宁晚晴沉思了片刻,问道:“蓁蓁出事之后,是不是围场就已经封锁了?”
福生点了点头,道:“章统领得知此事之后,便已经封了围场,即便调用的士兵到了,也是只进不出。”
宁晚晴:“他们冒着风险去马厩检视,只怕也是为了确认到底有没有落下什么证据,你再派人去仔细检查一遍,说不定会有新发现。而且,既然章统领封了围场,只要有证据的话,就应该还在这围场里……”
而且,可能就在赵矜自己手中。
毕竟,那么重要的东西,怎么敢交托给别人呢?
福生问道:“要不要小人入林请殿下回来?若是殿下在,兴许能想法子搜一艘五公主的行宫。”
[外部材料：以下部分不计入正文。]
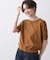 【9色展開/接触冷感/UVカット】ドライタッチサマーニットT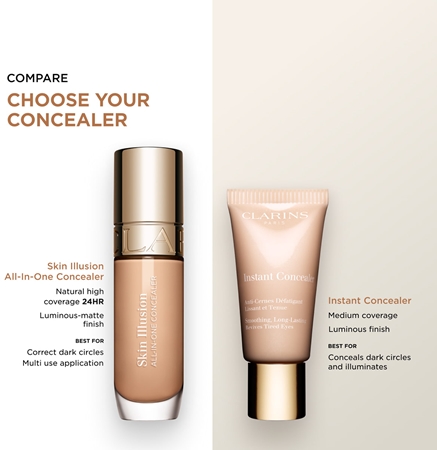 Clarins Skin Illusion All-In-One Concealer deckender Concealer mit aufhellender Wirkung
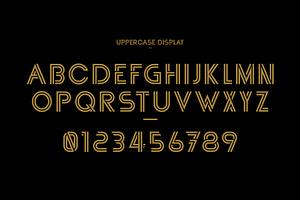 ORB Display 2 Fonts 2 Styles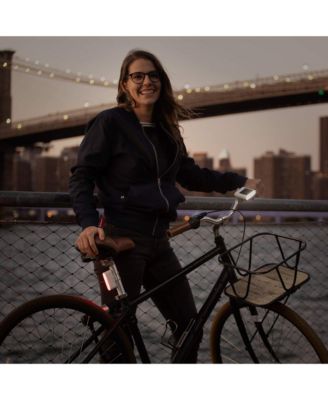 Luci Solar Bike Light Set, White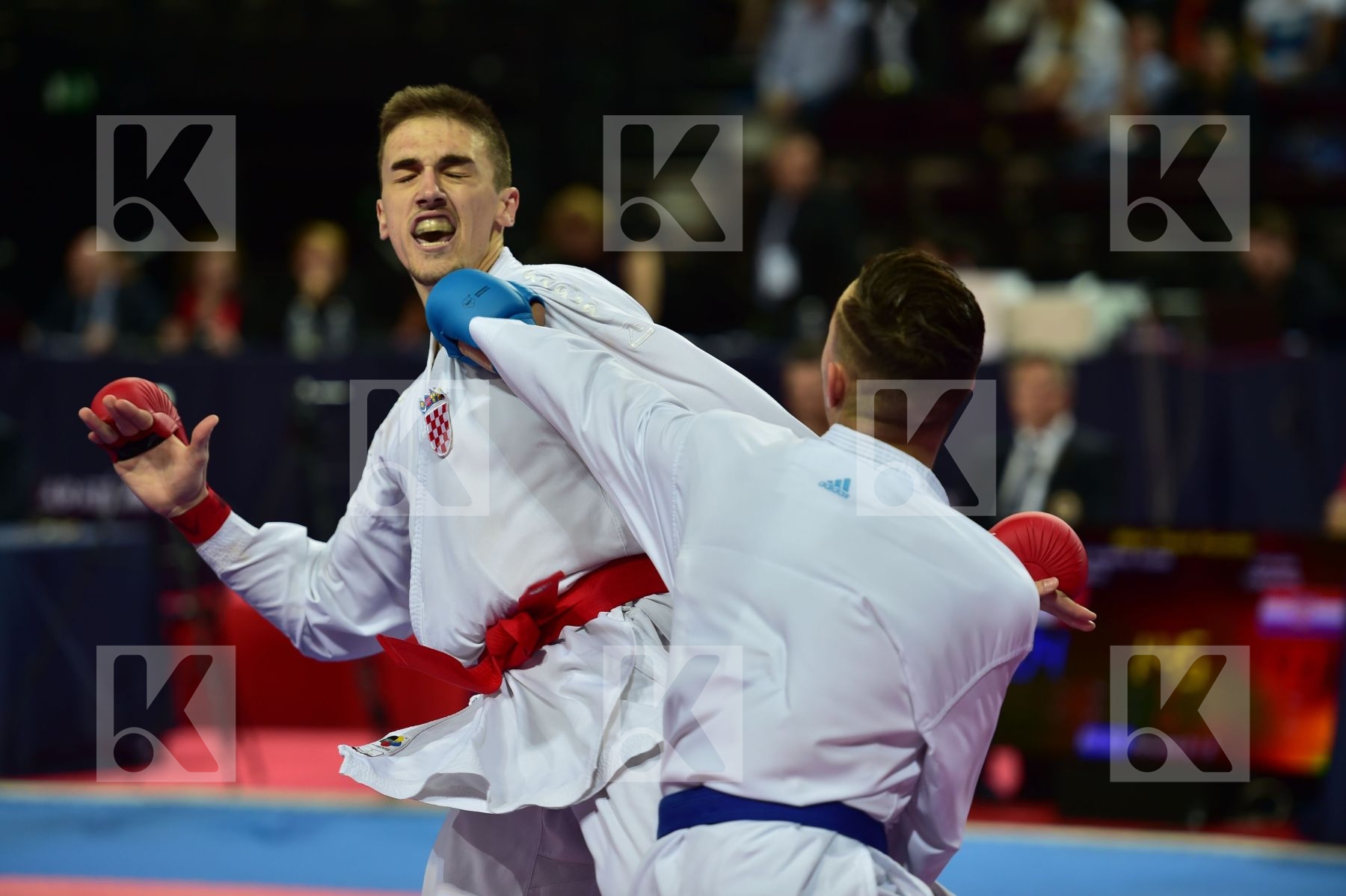 Croatia france kumite team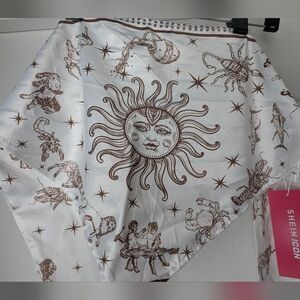SHEIN NWT Horoscope/Zodiac Signs Bandana Top Size XL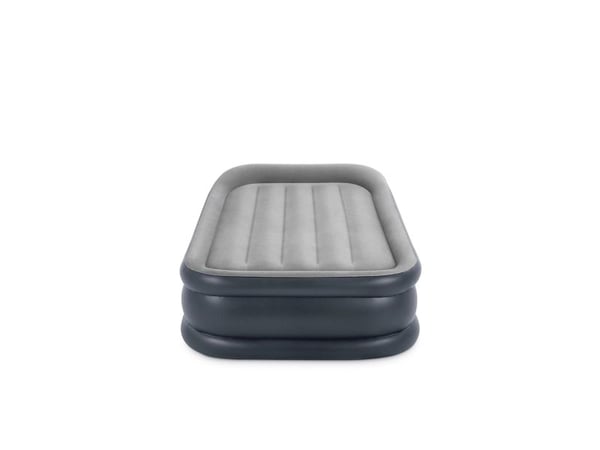 Intex DuraBeam+ Deluxe Pillow Rest Raised, Enkel madrass, Rektangel, Innebygd luftpumpe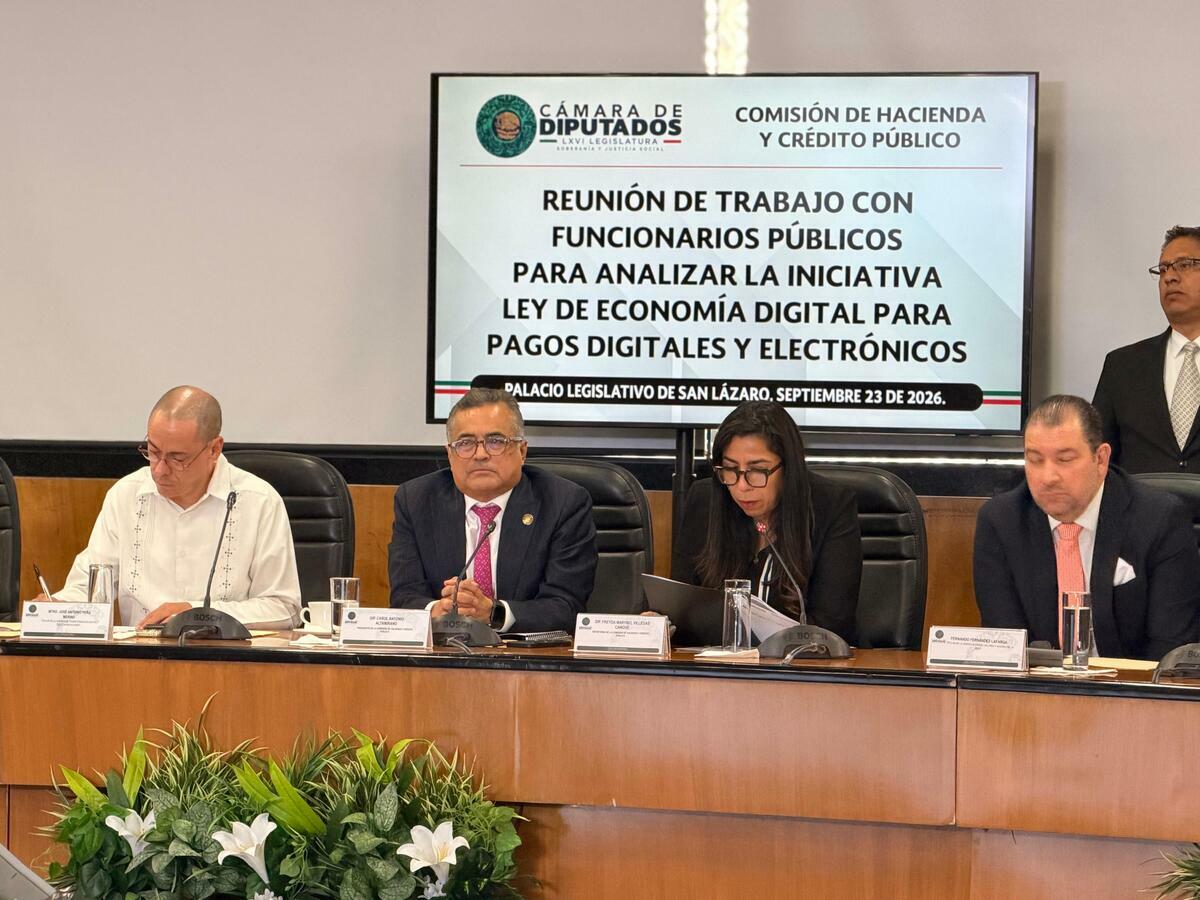 Alistan dictámenes de Ley Aduanera y Economía Digital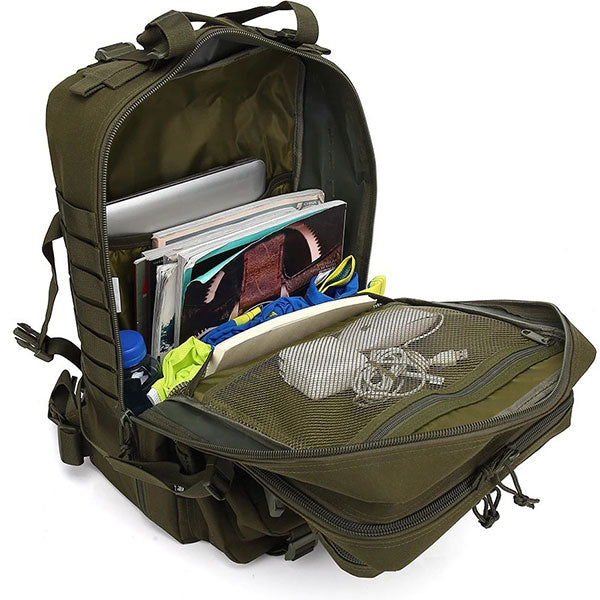 Sac à dos type militaire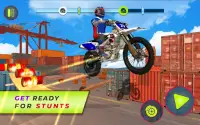 Bike Stunt: 3D bike race: motorcycle games Screen Shot 2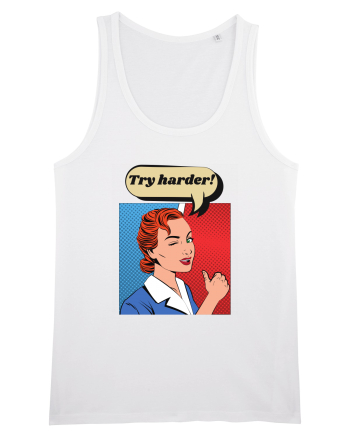 Retro Comic Book  White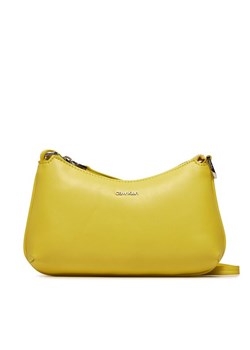 Calvin Klein Torebka Emma K60K611681 Żółty ze sklepu MODIVO w kategorii Torebki bagietki - zdjęcie 181057134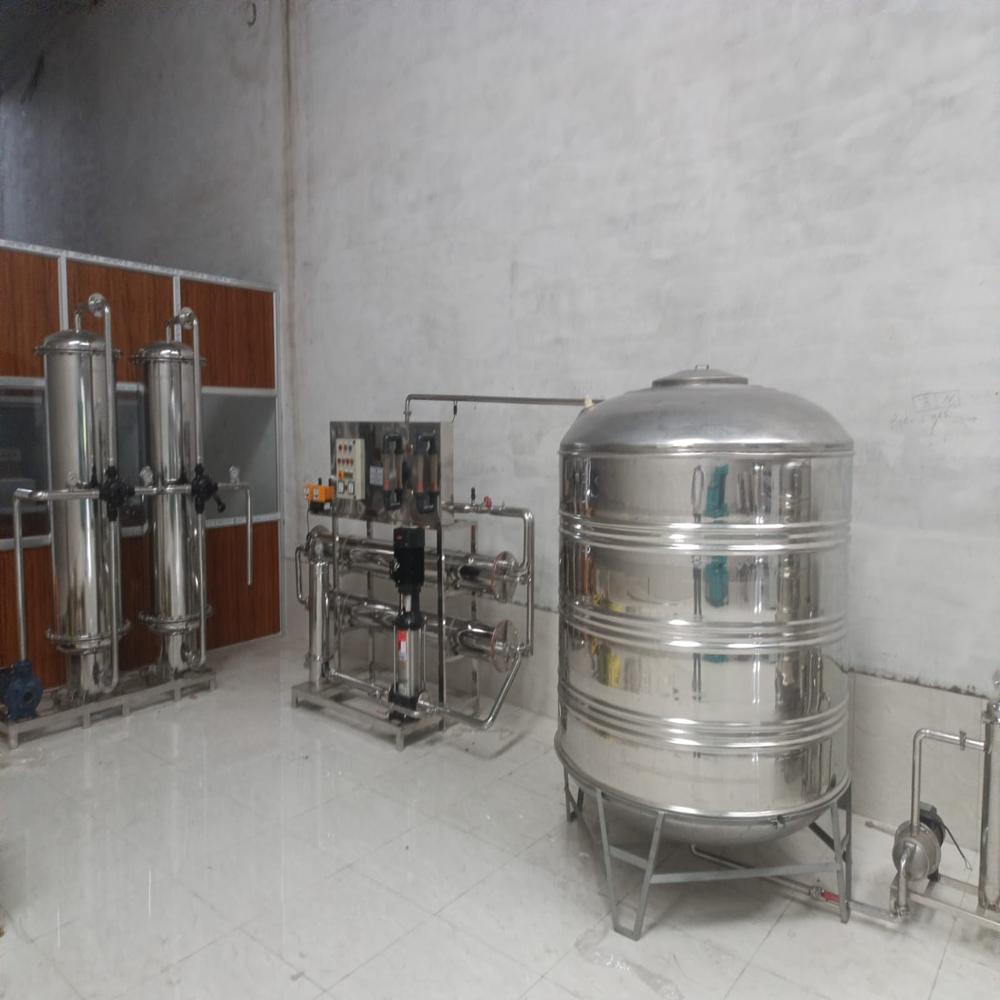 Mineral Water Plant - Automatic Grade: Full Automatic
宁晚晴却摇了摇头,道:“不可,赵矜明显是想把这个事件制造成意外,既然如此,蓁蓁便会处于危险之中,让殿下先找到她,才是第一要务,至于五公主……交给本宫便是。”
福生深以为然,但他一想起赵矜的身份,又犯了难,道:“可是这五公主是皇后嫡女,若无正当理由,如何能去搜她的行宫呢?”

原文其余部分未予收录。